Foursquare is a platform that has always interested me. Since it’s creation I’ve been watching with a keen eye, and when it started taking off here in the UK I jumped head first into the geolocation madness that is foursquare.
Although I’m actually a theology student at Moorlands Theology College, England, I’ve always had a sharp and active interest in computing, especially electronics and server security. My dad from a toddler taught me the works of PC, from the age of 11 I had started developing websites. I was the ICT Executive for a partnership at age 15, and signed my first freelance website contract at age 17. This computing world has been so much an interest it’s been generating me some extra cash developing online systems part time whilst I’m studying my Applied Theology Degree.
Being a student in a house share, I found an every day problem could be resolved simply using foursquare; if my house mates wanted to know where I am, they could log onto foursquare. But there’s this separation of the phone and the home that I didn’t like. Why should my house mates have to get out their phone to know where I am?
That’s when the idea hit me; an analogue device that connects to foursquare could be made that sits on mantle that shows my last foursquare check-in and how long its been since I was there. With foursquare day quickly approaching, what better excuse was there to celebrate the day than to hack together a foursquare clock?

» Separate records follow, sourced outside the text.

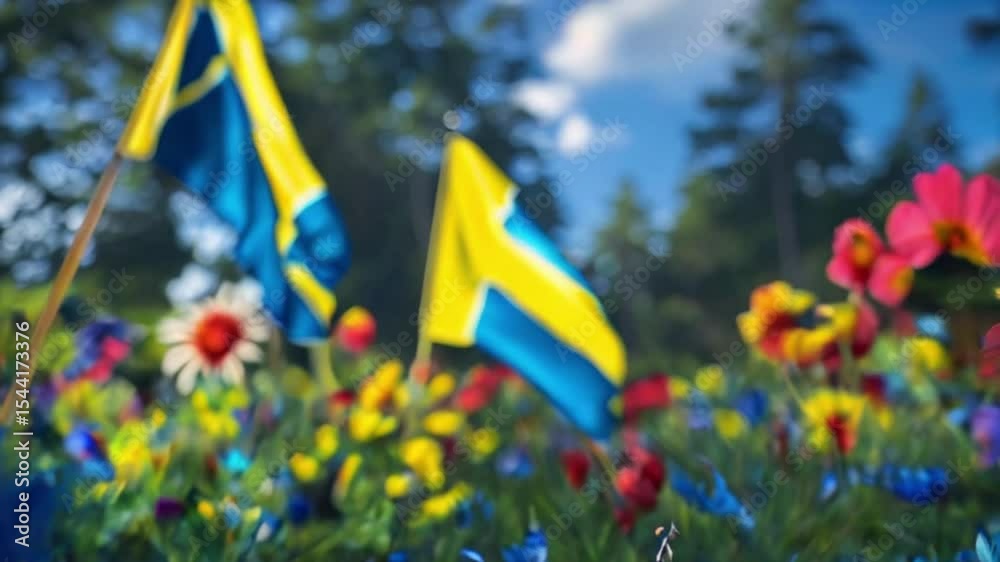 Sweden National Day: Blue and yellow floral wreath with wildflowers created with generative ai	
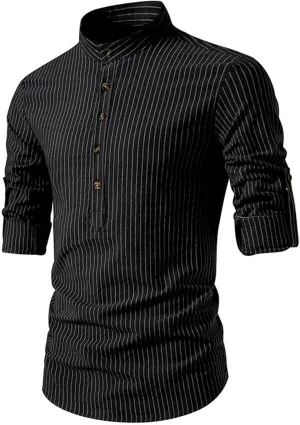 Linen Henley Shirts for Men Long Sleeve Striped Tshirts Summer Casual Work Tops Lightweight Breathable Clothes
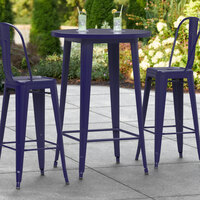 Lancaster Table & Seating Alloy Series 30 inch Round Navy Outdoor Bar Height Table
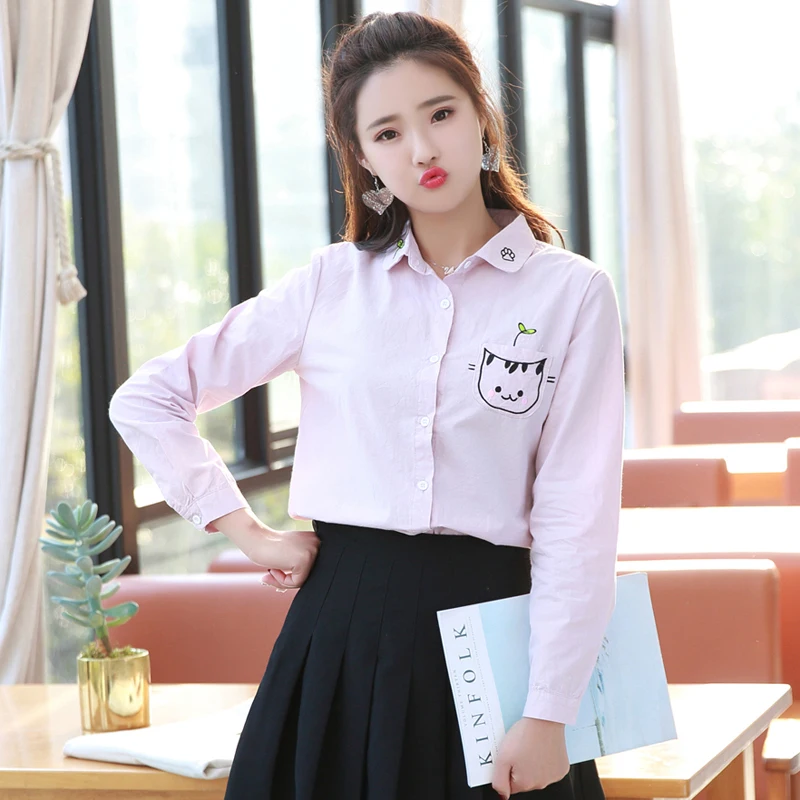Женские блузки с длинным рукавом 100% algodão dos desenhos animados gato branco topos menina blusas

The foursquare clock is an idea I’ve been working on since around November 2011 when I took up a deeper interest in electronics. I began to think of ways in which I could bridge the digital world with the analogue world because, let’s face it, an LCD display on your mantle piece doesn’t have the same class as an old-style mantle clock.
Why do we have to have a separation of the digital and analogue? Often we hit a stumbling block; to quote Family Guy parodying The Six Million Dollar Man, “We have the technology, we just don’t have a lot of money.”
Foursquare offer an amazing service that lets you log your visits to venues across the globe, and for hackers like myself, the best asset of their service is the API. The Foursquare API allows anyone to bridge their software creations with the foursquare databases, enabling infinite possibilities. And it’s free for the standard developer.
Powering the foursquare clock is a device known as an arduino, a small and extremely cheap chunk of hardware that allows you to easily merge your electronics with an easy-to-use programming library. After learning some basic electronic computing from the guys at NerdKits a couple years ago, I acquired a arduino uno, and shortly after, a stacked ethernet shield. Having specialised in server programming, the server side of things was a breeze. It took a few months to pull it all off as I have been doing this degree; papers and flying off to Canada for a month, but now It’s finished It’s just pure awesome.
On the clock face, there are two sections. The top section shows how long, in segments of hours, since my last check-in at a favourite venue, capping at 3 hours. The bottom section shows an array of eight of, what I consider, my favourite venues, such as: home, library, university, the pub and church. When I check into one of these favourite venues within a few seconds the top hand resets to zero, and the bottom hand moves to the correct venue icon. As time progresses, so does the top-hand on the clock face.